**Requirement:** Repeat word for word, please, only the lines from the one that includes "antavion allen tweet media" through the final line of the data.

────────

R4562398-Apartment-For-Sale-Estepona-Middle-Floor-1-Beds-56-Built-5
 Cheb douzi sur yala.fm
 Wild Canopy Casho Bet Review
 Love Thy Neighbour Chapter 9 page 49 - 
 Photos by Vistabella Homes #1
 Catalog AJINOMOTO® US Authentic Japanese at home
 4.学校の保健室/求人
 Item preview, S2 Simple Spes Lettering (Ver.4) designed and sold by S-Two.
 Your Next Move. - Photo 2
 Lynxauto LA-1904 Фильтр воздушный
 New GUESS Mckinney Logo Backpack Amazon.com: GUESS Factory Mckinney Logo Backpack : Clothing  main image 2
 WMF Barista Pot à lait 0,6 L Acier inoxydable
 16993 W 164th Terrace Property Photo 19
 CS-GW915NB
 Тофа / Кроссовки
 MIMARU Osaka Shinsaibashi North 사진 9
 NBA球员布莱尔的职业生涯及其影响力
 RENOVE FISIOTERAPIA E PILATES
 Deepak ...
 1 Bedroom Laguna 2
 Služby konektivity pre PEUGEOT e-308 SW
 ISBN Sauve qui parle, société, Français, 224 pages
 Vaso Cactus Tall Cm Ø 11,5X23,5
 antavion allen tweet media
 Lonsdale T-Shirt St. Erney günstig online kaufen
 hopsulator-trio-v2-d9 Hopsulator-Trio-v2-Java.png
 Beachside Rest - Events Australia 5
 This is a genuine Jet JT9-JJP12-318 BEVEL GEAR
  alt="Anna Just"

────────

**Exercise result:**
 antavion allen tweet media
 Lonsdale T-Shirt St. Erney günstig online kaufen
 hopsulator-trio-v2-d9 Hopsulator-Trio-v2-Java.png
 Beachside Rest - Events Australia 5
 This is a genuine Jet JT9-JJP12-318 BEVEL GEAR
  alt="Anna Just"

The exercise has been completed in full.